In moving to dismiss, the company argued Howe failed to state a claim because he could not show he had suffered any real injury from the BIPA violation. However to have standing in federal court, a plaintiff must have suffered an injury traceable to the defendant’s conduct and likely to be redressed by a favorable jury decision.
“Procedurally, Howe finds himself in an awkward position,” U.S. District Court Judge Andrea R. Wood wrote. “To succeed in his lawsuit, he must establish that he is a ‘person aggrieved’ who has statutory standing to assert a cause of action under BIPA. However, if he has a cognizable injury under BIPA, then it follows he also has constitutional standing and must proceed in a disfavored forum.”
Howe extricated himself from the sticky situation by not taking any position on the question of standing. Instead, he argued the defendant was responsible for establishing the court’s jurisdiction at the time the case was removed.

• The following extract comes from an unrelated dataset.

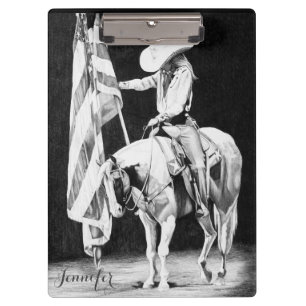 Stampede Prayers (ballpoint) Clipboard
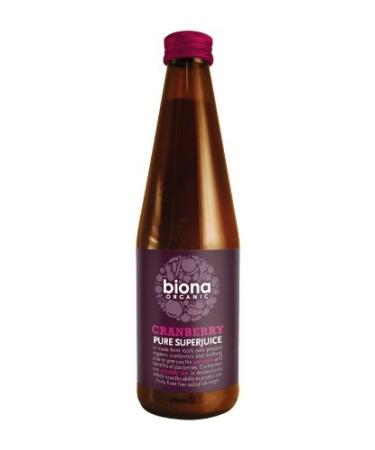 Biona Organic pure cranberry juice (330 ml) (pack of 12)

“To avoid remand, defendants find themselves having to establish that Howe has suffered a sufficient injury for purposes of (constitutional) standing even as their motion to dismiss vigorously contests the adequacy of his injury for purposes of statutory standing,” the judge wrote.
In what might seem like a victory for the defendants, Wood agreed Howe’s alleged injuries likely do not constitute injuries-in-fact. However, that decision means the federal court has no jurisdiction and cannot grant Speedway’s motion to dismiss.

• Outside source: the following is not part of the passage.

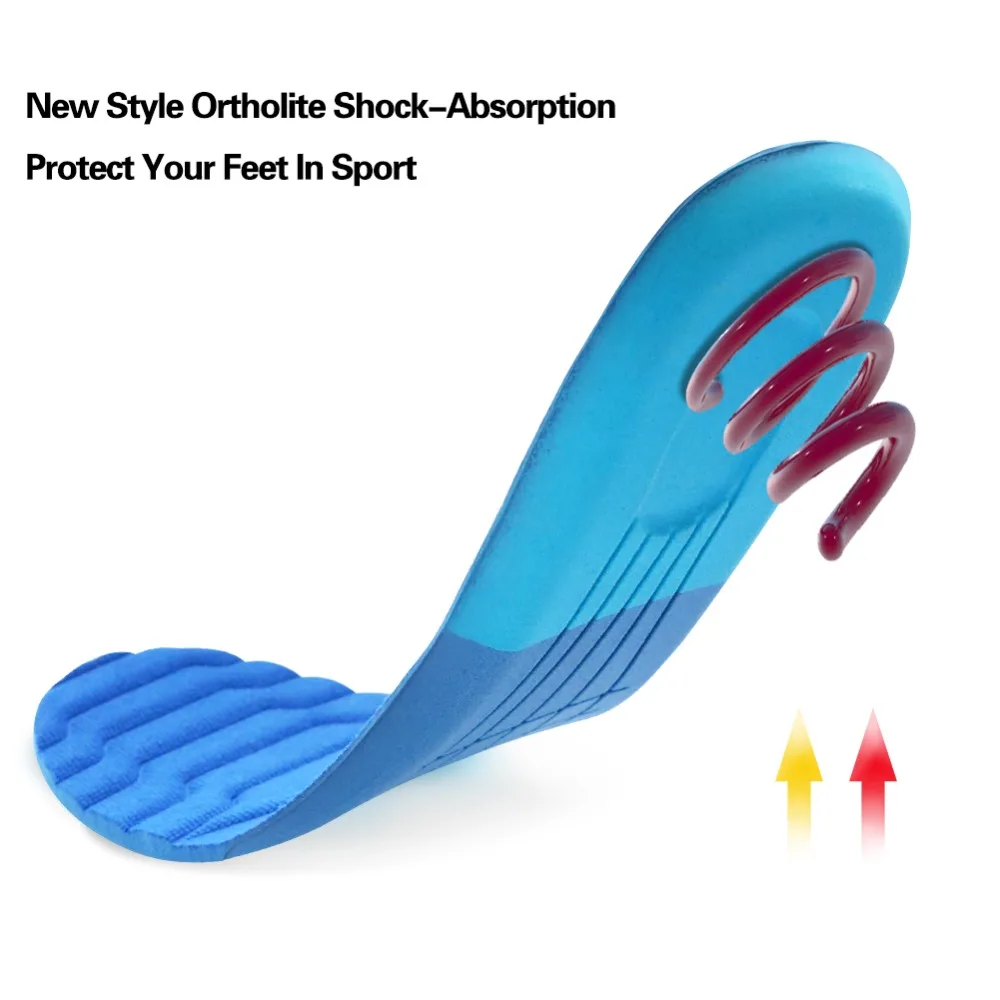 3ANGNI All-Day Insoles Memory Foam Sweat-Absorbant Sport Massage Arch Support Soft Pad Insert Woman Men Feet Pain Shoes Sole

Howe’s suit alleged three injuries – mental anguish over uncertainty about what Speedway might do with his biometric data, invasion of privacy and information injury. Wood called the mental anguish claim a “conjectural or hypothetical injury” that could not be used to establish standing and said the privacy claim failed because there was no indication Speedway had released employees’ biometric data to anyone.
The only possible injury-in-fact, the judge wrote, was the informational injury – the claim that Speedway did not provide the written disclosures required under BIPA when it scanned his fingerprints. And even that claim, she said, falls flat. While Speedway “undoubtedly violated BIPA” if it truly failed to provide the required disclosures and obtain Howe’s written consent, the violations did not cause Howe any injury.

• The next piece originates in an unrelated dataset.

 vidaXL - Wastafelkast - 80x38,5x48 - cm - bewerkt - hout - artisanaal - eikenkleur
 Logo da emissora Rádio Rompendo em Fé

“Howe’s fingerprints were collected in circumstances under which any reasonable person should have known that his biometric data was being collected,” she wrote.
Without an injury, Howe does not have standing to have his claim heard in federal court, so Wood granted his motion to send the case back to the state court.
Howe is represented by attorneys Andrew C. Ficzko, James B. Zouras and Ryan F. Stephan, of the firm of Stephan Zouras LLP, of Chicago, and Christopher L. Dore, Benjamin H. Richman, Sydney M. Janzen and Alexander G. Tievsky, of the firm of Edelson P.C., of Chicago.
Speedway is represented by attorneys Gary M. Miller, Patrick J. Castle, Tristan L Duncan, Anna S. Knight and Alfred Saikali, of the firm of Shook, Hardy & Bacon LLP, of Chicago.